Итак, Башмачкин и Девушкин. Последний тоже безнадёжно беден, над ним тоже подтрунивают сослуживцы, у него тоже отнимают его единственное достояние, чудесную его Вареньку (сравнение Вареньки с шинелью правомерно, ибо, в свою очередь, шинель для Акакия Акакиевича “приятная подруга жизни”) отнимают, да, и это для него равносильно смерти: “Я умру, Варенька, непременно умру; не перенесёт моё сердце такого несчастья”, однако не энергией мщения, не энергией разрушения преисполнена его душа, а светом любви.

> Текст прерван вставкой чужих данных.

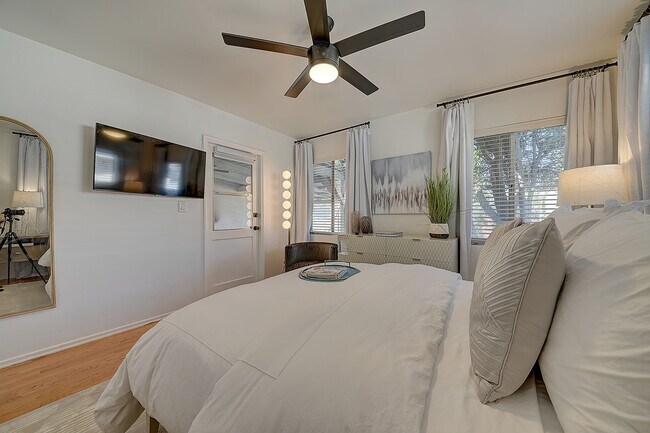 Building Photo - 444 N Shattuck Pl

Такой же свет зажигается и в душе пушкинского станционного смотрителя, в ком Девушкин, обратите внимание, сразу узнал себя. Узнал легко и радостно (“Ведь я то же самое чувствую, вот совершенно так, как и в книжке, да я и сам в таких же положениях подчас находился”) Самсона Вырина узнал, Самсона Вырина признал, а от Акакия Акакиевича решительно и даже сердито отмежевался. “Да ведь это злонамеренная книжка, Варенька...”

Уж не тут ли начинается та самая, в тыняновском понимании, борьба Достоевского с Гоголем? Уж не считает ли сам Достоевский Шинель книгой “злонамеренной”?

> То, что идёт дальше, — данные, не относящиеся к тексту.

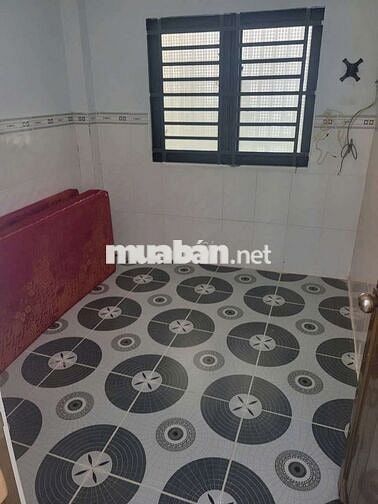 Cho thuê nhà nguyên căn 3 phòng ngủ 1wc 1 máy lạnh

Не считает. В письме к брату Михаилу он пишет, возбуждённый шумом вокруг своей первой повести: “Им и невдогад, что говорит Девушкин, а не я, и что Девушкин иначе говорить не может”. Хотя первые признаки будущего противостояния в письме наличествуют: “Я действую Анализом, а не Синтезом, то есть иду в глубину и, разбирая по атомам, отыскиваю целое, Гоголь же берёт прямо целое и оттого не так глубок, как я”.

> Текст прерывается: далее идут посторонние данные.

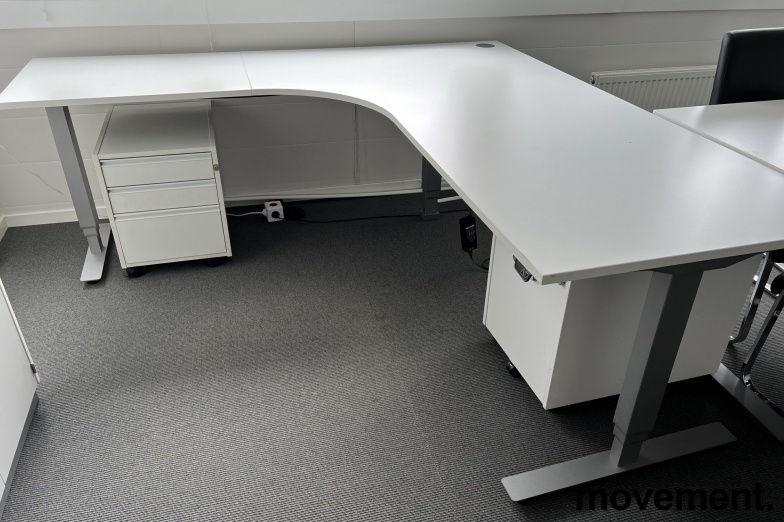 Solgt!Skrivebord / hjørneløsning med - 1 / 3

И всё же в самой повести нет полемики прямой, сознательной полемики Достоевского с Гоголем, просто гордый самолюбивый Девушкин оскорблён, по мысли автора, тем, что “вся гражданская и семейная жизнь твоя по литературе ходит, всё напечатано, прочитано, осмеяно, пересуждено!” Но отчего же, задаю я вопрос, нет подобной реакции на историю станционного смотрителя? Там ведь тоже показано немало такого, что Девушкин знал за собой и чего стыдился. То же, к примеру, выринское пристрастие к рюмочке. Или сцена, когда старик Вырин проникает к дочери и Минский вышвыривает его вон. В сходную ситуацию и тоже, между прочим, с офицером попадает и Девушкин. Здесь уже совпадение едва ли не текстуальное. У Пушкина: “...сильной рукою схватив старика за ворот, вытолкнул его на лестницу”. У Достоевского: “Ну, тут-то меня и выгнали, тут-то меня и с лестницы сбросили, то есть оно и не то чтобы совсем сбросили, а только так вытолкали”. Тем не менее Девушкин не только не отвергает этой книжки, а просит уезжающую Вареньку оставить её на память: “...вечера будут длинные; грустно будет, так вот бы и почитать”, Шинель же сразу возвращает “голубчику Варваре Алексеевне” и при этом делает ей, чуть ли не единственный раз за всю историю их переписки, строгий выговор: “Да и как вы-то решились мне такую книжку прислать...” Стало быть, Макар Девушкин уязвлён не тем вовсе, что выставлен на всеобщее обозрение, другим чем-то. Чем? Уж не тем ли, что вытащено на свет Божий нечто такое, что не только от других от самого себя скрывает? Или пусть не вытащено, лишь уголок показан, но и того достаточно, чтобы добрый христианин в ужасе содрогнулся. Сидит, оказывается, и в нём такое! Сидит и просится наружу (“Господин Быков будет всех зайцев травить”, бросает не без агрессивности! Девушкин), и может, чувствует он, выскочить, как выскочило у преобразовавшегося после смерти своей Акакия Акакиевича.